Almost sounds like a gumbo, is it cajun spicy? How about "Rotting Bat Gumbo"? Or something along those lines, playing up the flesh falling off the bone aspect, and hiding the fact that it's just chicken.

Also, I'd be interested in the full recipe if you wouldn't mind posting it.


----------



## dolphinslady (Oct 20, 2003)

I guess I should have clairified...the recipe calls for boneless/skinless chicken...so the falling off the bone idea wouldn't really work, although it's a thought!

I'd be glad to post the recipe...it's quite delicious and oh, so easy!

Red Pepper Chicken
4 boneless skinless chicken breasts
1 can black beans, rinsed and drained
1 jar (15oz) roasted red peppers, undrained
1 can Mexican stewed tomatoes
1 onion, chopped
1/2 tsp salt
pepper or pepper blend to taste

Place chicken in slow cooker.
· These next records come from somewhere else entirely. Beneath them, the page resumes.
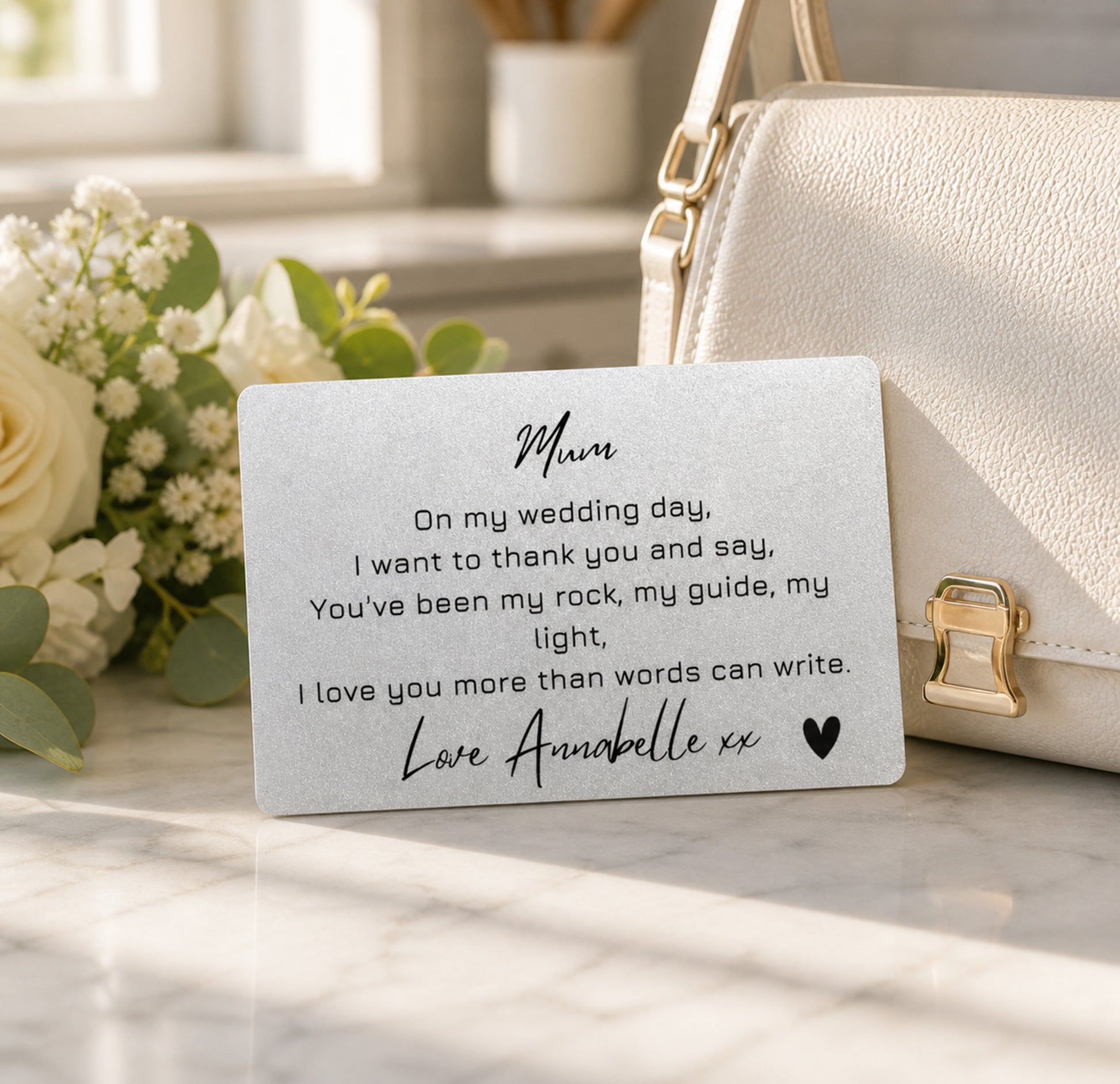 Card for 'Mum' on a marble surface with flowers and a handbag in the background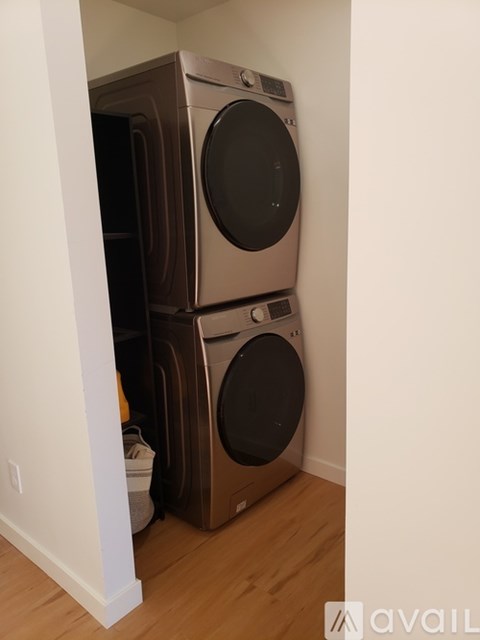 A stack of two washing machines in a laundry room.
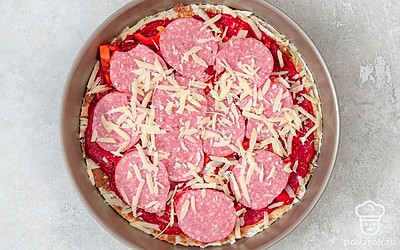 Сверху положите второй круг лаваша и смажьте его томатным соусом. Нарежьте слайсами колбасу и положите на основу пиццы. Тонко нашинкуйте перец и лук, разложите поверх колбасы и натрите сверху оставшийся сыр. Выпекайте не дольше семи минут.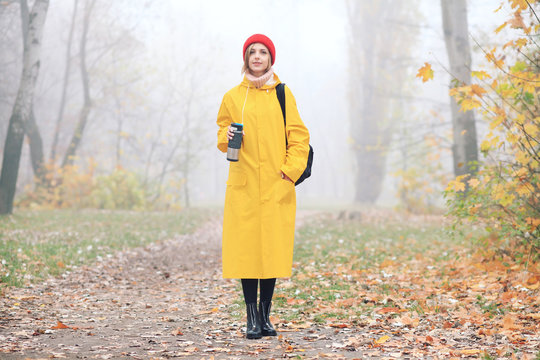 Girl Wearing Red Beanie And Yellow Raincoat Walking In The Forest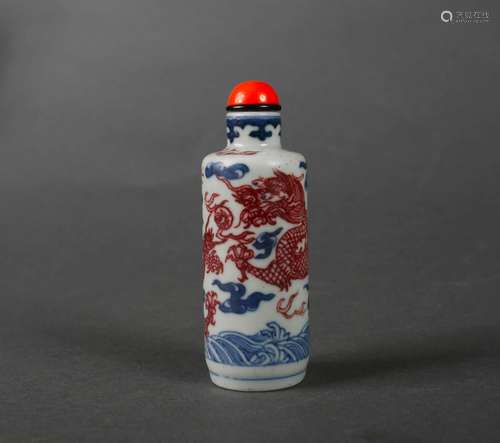 A blue and white underglaze red dragon porcelain snuff bottl...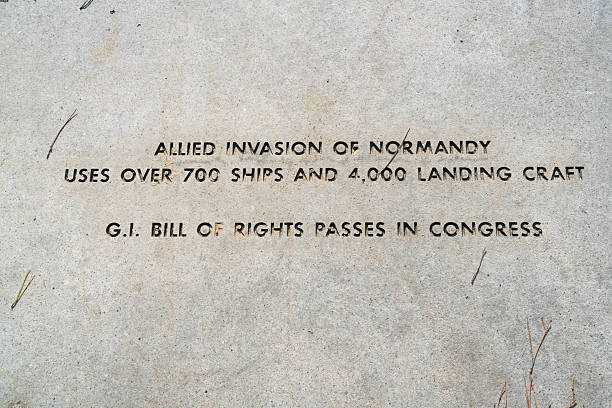 Young boy sitting on WWII memorial above the words \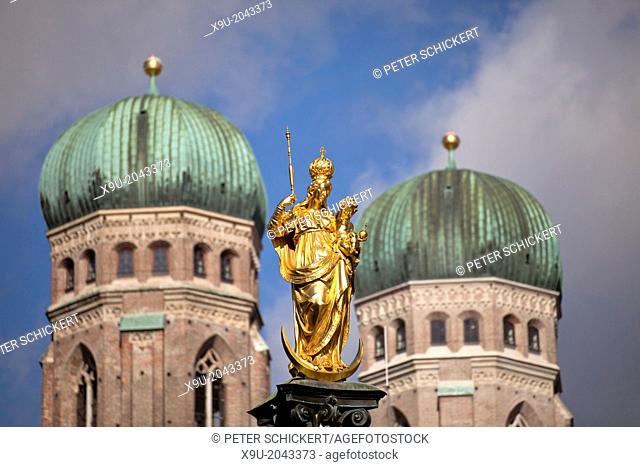 Virgin Mary atop the Mariensaeule and the church towers of the Frauenkirche in Munich, Bavaria, Germany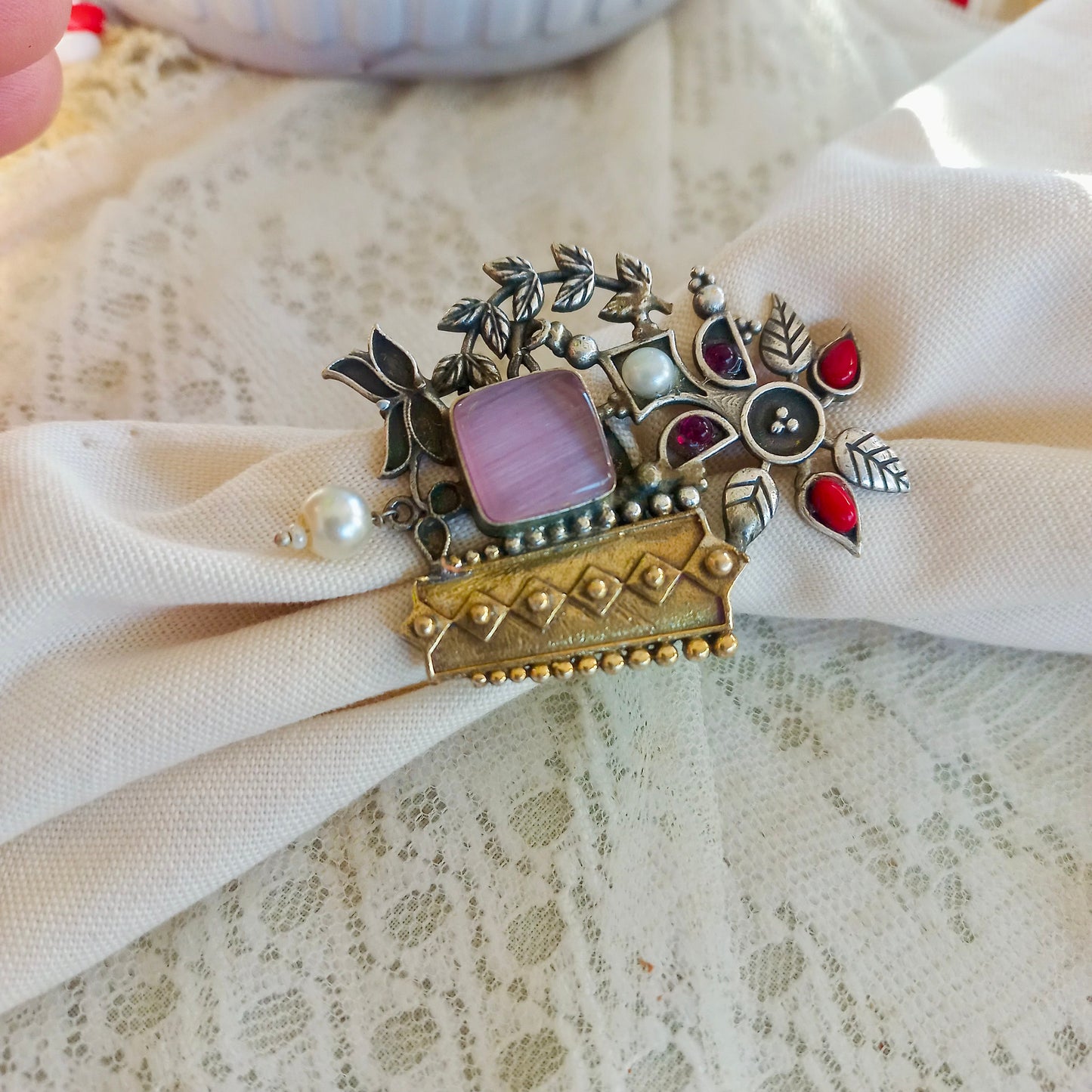 A white fabric backgroundwith an Oxidised Adjustable Fusion Ring, featuring intricate floral motifs, pearls, and a fusion of silver and gold-tone textures, perfect for a bold ethnic statement.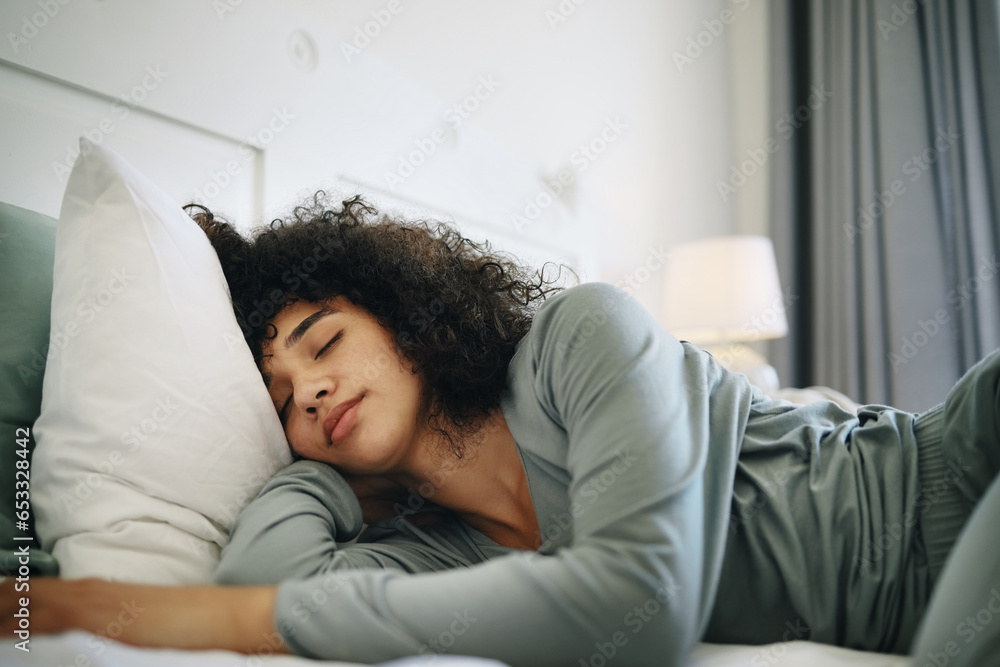 Woman, Tired and sleeping on bed in bedroom with fatigue and burnout, dream and relax for stress relief. Exhausted, person and girl in house or home lying on pillow in apartment for wellness and calm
In a bowl, combine the beans, red peppers, tomatoes, onion, salt & pepper. Pour over the chicken. Cover and cook on low for 6 hours or until chicken in tender. 

Serve over rice. 

**We will double this recipe for the party.

Cheryl


----------



## togomor (Sep 22, 2004)

Thanks for the recipe! OK, how about "Boiled Boneless Breast of Buzzard"? (...with Baked Black Beans, if you wish, to continue the alliteration...)


----------



## MrsMyers666 (Oct 19, 2004)

The recipe sounds great, but I'm trying to picture this and it doesn't look pretty. What about "Inard stew"? It just seems like it would look like internal organs.

Mrs. Myers
Purely and simply evil


----------



## Howlyn (Sep 28, 2004)

Mmmmm...that sounds good! Thanks for sharing the recipe.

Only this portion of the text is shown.